- What is expected -
Go to the line holding "NEXTSTAR Flea and" in the entries below and write out exactly every line down to and including the line holding "Masa Başına Hapsolmak".

Records from a collection:
+ + + + +
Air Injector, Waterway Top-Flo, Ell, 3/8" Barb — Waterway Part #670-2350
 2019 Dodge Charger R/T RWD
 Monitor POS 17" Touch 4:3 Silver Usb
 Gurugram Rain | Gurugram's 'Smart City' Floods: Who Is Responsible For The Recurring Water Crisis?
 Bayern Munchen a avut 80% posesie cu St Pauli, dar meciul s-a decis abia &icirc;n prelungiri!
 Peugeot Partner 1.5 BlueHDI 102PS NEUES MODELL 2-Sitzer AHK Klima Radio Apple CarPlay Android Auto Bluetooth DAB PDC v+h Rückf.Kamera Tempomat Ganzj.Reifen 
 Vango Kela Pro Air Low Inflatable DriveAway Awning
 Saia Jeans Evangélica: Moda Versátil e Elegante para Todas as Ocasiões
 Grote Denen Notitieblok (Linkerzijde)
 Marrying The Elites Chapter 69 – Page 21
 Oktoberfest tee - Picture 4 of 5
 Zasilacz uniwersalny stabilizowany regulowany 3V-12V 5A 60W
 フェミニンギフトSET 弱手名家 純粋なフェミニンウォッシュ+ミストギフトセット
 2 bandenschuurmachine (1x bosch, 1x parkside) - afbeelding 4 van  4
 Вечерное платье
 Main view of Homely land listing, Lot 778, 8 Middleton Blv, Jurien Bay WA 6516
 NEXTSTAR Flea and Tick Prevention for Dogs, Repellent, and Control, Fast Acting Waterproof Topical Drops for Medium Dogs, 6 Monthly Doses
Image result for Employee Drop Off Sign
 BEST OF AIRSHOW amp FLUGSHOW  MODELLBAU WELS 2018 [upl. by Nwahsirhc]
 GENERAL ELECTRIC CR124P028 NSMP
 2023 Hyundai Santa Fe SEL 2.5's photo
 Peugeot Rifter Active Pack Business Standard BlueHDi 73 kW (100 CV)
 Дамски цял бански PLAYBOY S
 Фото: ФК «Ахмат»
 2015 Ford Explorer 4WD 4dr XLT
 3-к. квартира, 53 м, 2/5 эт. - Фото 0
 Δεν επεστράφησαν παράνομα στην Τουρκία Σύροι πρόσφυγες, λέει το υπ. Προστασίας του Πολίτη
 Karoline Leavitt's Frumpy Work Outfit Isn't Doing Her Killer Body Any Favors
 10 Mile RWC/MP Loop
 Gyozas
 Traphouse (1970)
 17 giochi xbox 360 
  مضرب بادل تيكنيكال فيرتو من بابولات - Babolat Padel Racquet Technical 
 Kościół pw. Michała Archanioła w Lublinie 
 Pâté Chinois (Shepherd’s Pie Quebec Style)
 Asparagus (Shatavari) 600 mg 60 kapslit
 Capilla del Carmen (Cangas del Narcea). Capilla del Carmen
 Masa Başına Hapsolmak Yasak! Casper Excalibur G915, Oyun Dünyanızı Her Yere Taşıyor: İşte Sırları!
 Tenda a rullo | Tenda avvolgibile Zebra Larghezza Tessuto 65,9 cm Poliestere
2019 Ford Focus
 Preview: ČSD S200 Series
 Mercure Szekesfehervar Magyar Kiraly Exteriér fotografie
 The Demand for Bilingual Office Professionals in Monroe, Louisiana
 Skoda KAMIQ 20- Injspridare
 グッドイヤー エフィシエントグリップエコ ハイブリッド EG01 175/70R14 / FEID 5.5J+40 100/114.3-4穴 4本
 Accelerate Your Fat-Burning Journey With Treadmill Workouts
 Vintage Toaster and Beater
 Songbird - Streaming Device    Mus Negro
+ + + + +
- Result of this task -
 NEXTSTAR Flea and Tick Prevention for Dogs, Repellent, and Control, Fast Acting Waterproof Topical Drops for Medium Dogs, 6 Monthly Doses
Image result for Employee Drop Off Sign
 BEST OF AIRSHOW amp FLUGSHOW  MODELLBAU WELS 2018 [upl. by Nwahsirhc]
 GENERAL ELECTRIC CR124P028 NSMP
 2023 Hyundai Santa Fe SEL 2.5's photo
 Peugeot Rifter Active Pack Business Standard BlueHDi 73 kW (100 CV)
 Дамски цял бански PLAYBOY S
 Фото: ФК «Ахмат»
 2015 Ford Explorer 4WD 4dr XLT
 3-к. квартира, 53 м, 2/5 эт. - Фото 0
 Δεν επεστράφησαν παράνομα στην Τουρκία Σύροι πρόσφυγες, λέει το υπ. Προστασίας του Πολίτη
 Karoline Leavitt's Frumpy Work Outfit Isn't Doing Her Killer Body Any Favors
 10 Mile RWC/MP Loop
 Gyozas
 Traphouse (1970)
 17 giochi xbox 360 
  مضرب بادل تيكنيكال فيرتو من بابولات - Babolat Padel Racquet Technical 
 Kościół pw. Michała Archanioła w Lublinie 
 Pâté Chinois (Shepherd’s Pie Quebec Style)
 Asparagus (Shatavari) 600 mg 60 kapslit
 Capilla del Carmen (Cangas del Narcea). Capilla del Carmen
 Masa Başına Hapsolmak Yasak! Casper Excalibur G915, Oyun Dünyanızı Her Yere Taşıyor: İşte Sırları!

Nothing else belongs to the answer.